Se redressant complètement sur le lit, Harry regarde autour de lui et met enfin le doigt sur le problème. Les tables de nuit. Pourquoi les médicaments sont-ils sur l'autre table de nuit ?
Observant plus attentivement, Harry remarque les mêmes détails et les comprend d'une autre façon : l'appartement dans un quartier sûr, les sortilèges de protection, l'espace, le lit double, les armoires laissées vides et les médicaments sur l'autre table de nuit... Tout est agencé comme si Malefoy attendait une autre personne. Une personne qui ne vit pas encore avec lui, mais qui bientôt remplirait les tiroirs, prendrait les médicaments et occuperait la place de l'autre côté du lit. Une personne que Malefoy avait voulu placer dans un endroit sûr, loin de l'Allée des Embrumes, avec des consignes écrites pour lorsque Malefoy ne serait plus de ce monde...
La gorge serrée, Harry repense à ce souvenir qu'il a ressenti, à ce baiser qu'il a dérobé comme un enfant espionnant par le trou d'une serrure... Brusquement, il a honte de lui, mais surtout, il repousse toutes les implications que ses déductions cherchent à dérouler dans son esprit. Malefoy attend-il quelqu'un, dans le monde libre ? Une personne rencontrée à Azkaban, et qu'il ne reverra pas de son vivant ? Ou pire, une personne qui doit sortir bientôt, et qu'il espère revoir ? Une personne qu'il pense atteinte du sida, tout comme lui. Une personne qu'il aime au point de s'incriminer pour lui offrir un traitement, sans se préoccuper de son propre sort...
Bouleversé tout à coup, Harry maudit l'afflux de rage inexplicable qui grossit en lui. La Laetheria est sur la table de droite, à côté du recueil de Baudelaire. Attrapant la drogue, Harry ne s'attarde pas une seconde de plus et transplane chez lui.
Malefoy dort toujours. Sa respiration s'est régulée et son pouls est plus lent. Remplissant un verre d'eau, Harry y mêle le produit et le fait doucement avaler à Malefoy, goutte par goutte, jusqu'à ce que les petits tremblements qui agitent ses doigts diminuent.

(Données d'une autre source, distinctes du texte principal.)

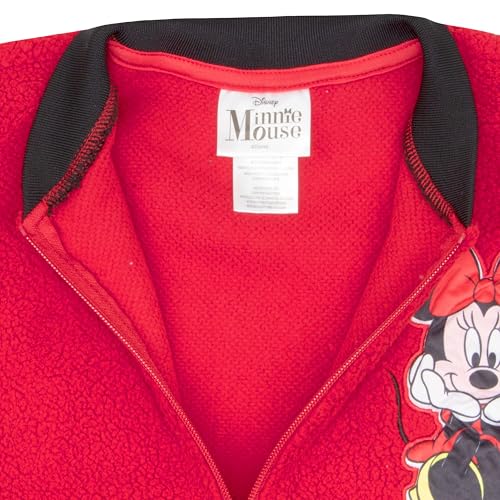 Image of Disney Lilo & Stitch, Minnie Mouse Girls Fleece Varsity Jacket - Fuzzy Lightweight Zip-Up Bomber Jacket for Kids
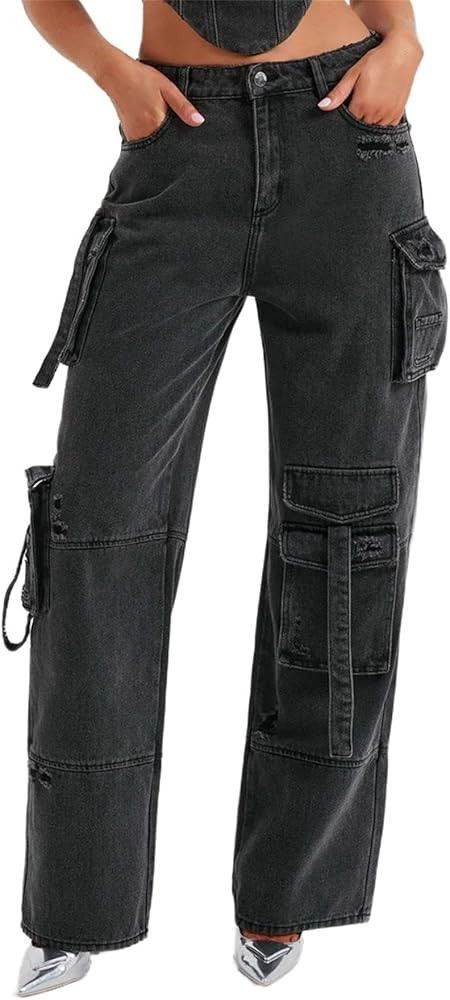 Cargo Jeans for Women Low Rise Baggy Jeans Y2K Multi-Pockets Straight Leg Casual Cargo Pants | Amazon (US)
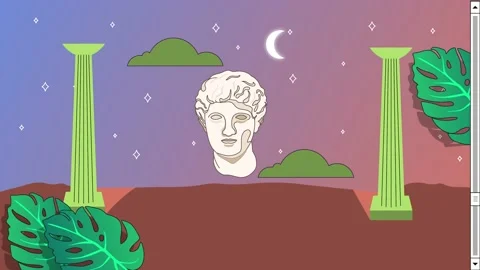 Retro Vaporwave Poster With User Interface Elements and Vintage Illustrations. Stock Footage 195954039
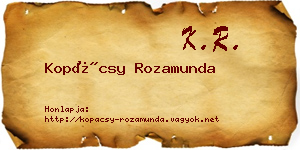 Kopácsy Rozamunda névjegykártya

Alors seulement, Harry prend place à son chevet dans un fauteuil et réfléchit. Il sait qu'il ne devrait pas affronter ses pensées, mais il en est incapable... Il pense à ce baiser. Il pense à l'appartement de Malefoy. Il pense à ce que cela veut dire, si l'ancien Mangemort attend une personne qu'il croit victime du sida... Il pense à l'acide qui coule dans ses veines rien que de l'imaginer, et il réalise que tout à coup, ce qu'il éprouve, c'est de la jalousie pure et simple. Une jalousie noire, dévorante et malsaine. Elle s'ajoute à l'impuissance de savoir Malefoy condamné et s'y mêle, pour engendrer une rage sans nom.
Mais il n'y a pas que ça.
Harry repense à toute la gêne qu'il a éprouvée au cours de cette journée. A son malaise devant le corps et la faiblesse de Malefoy, à ses secrets vis-à-vis d'Hermione.
A l'instant où ces pensées prennent vie dans son esprit, Harry le ressent brusquement dans son corps, et plus que jamais, il se dégoûte. Car même si Malefoy est malade, inconscient, vulnérable... Même s'il gît à l'agonie devant lui dans sa chambre d'ami, Harry brûle de le toucher. Il brûle de s'approcher et de sentir à son tour ses lèvres chaudes sur les siennes. Il brûle d'occuper une place aussi importante dans la vie du Serpentard que cet inconnu sans visage, et à l'instant où il formule cette vérité, Harry comprend réellement, dans la douleur et malgré lui, comme une trahison de son corps et de son esprit, que c'est bien du désir qu'il ressent pour Malefoy.